3. Do you think that Government and local authorities have an obligation to ensure that all children in this country are able to achieve the five outcomes?
YES – Clear cut answers:
One. Ensure the provision of good schooling service. Government has done fairly well. But there are many things that need improvement: from policies to capacity building of teachers.
Two. Ensure adequate support to home education scheme. Home education should be socialised to all LEA staff so that they are fully aware that the government supports the idea and they stop intruding families’ (peaceful) life.
4. Do you think there should be any changes made to the current system for supporting home educating families?
1. Clearly LEA staffs at all localities need more information about HE – most importantly the message should come across clearly that HE is *not* illegal and that HE is parents’ rights and is supported by the government. Then come the more detailed things: capacity building to LEA staff, etc.
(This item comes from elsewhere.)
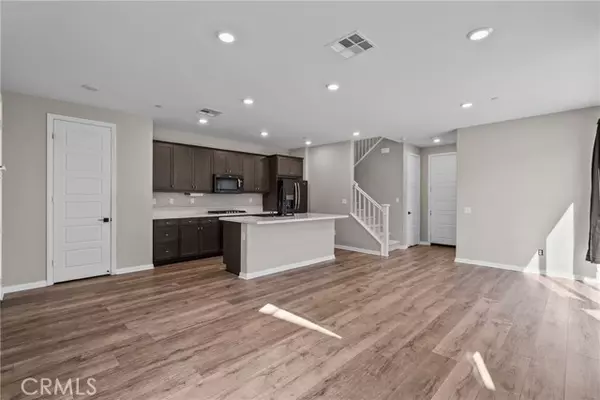 Valencia (santa Clarita), CA 91381,27004 Trail View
2. Make a country-wide information campaign that HE is legal and supported by government as alternative to conventional schooling.
3. The issuance of HE ID cards for both children and parents that can be used to protect the families against unnecessary (but which might still happen) intrusion from authorities.
5. Do you think there should be any changes made to the current system for monitoring home educating families?
YES – Clear: The government should remove all policies to monitor home educating families. They are (we are) not criminals that have to be under surveillance.
6. Some people have expressed concern that home education could be used as a cover for child abuse, forced marriage, domestic servitude or other forms of child neglect. What do you think Government should do to ensure this does not happen?
Firstly, these ‘some people’ do not understand the difference between what home education is and what ‘bad family conduct’ is. So, please check the statistics to see if those cases directly link to home education. I have a strong belief that this stems from a suspicion towards Asian culture. Being Asian family ourselves, we can assure you that our culture has nothing to do with this sort of abuse.
In a healthy society, people know each other. The government know what their people are doing and the people trust their government and enjoys freedom and privacy. This is the vision we should build. Not the surveillance society in which everyone fears of being monitored.
Enabling neighbourhood wardens might be a solution, or other community-based local group in which government representative can be present in the regular meeting — is more than enough to address this concern.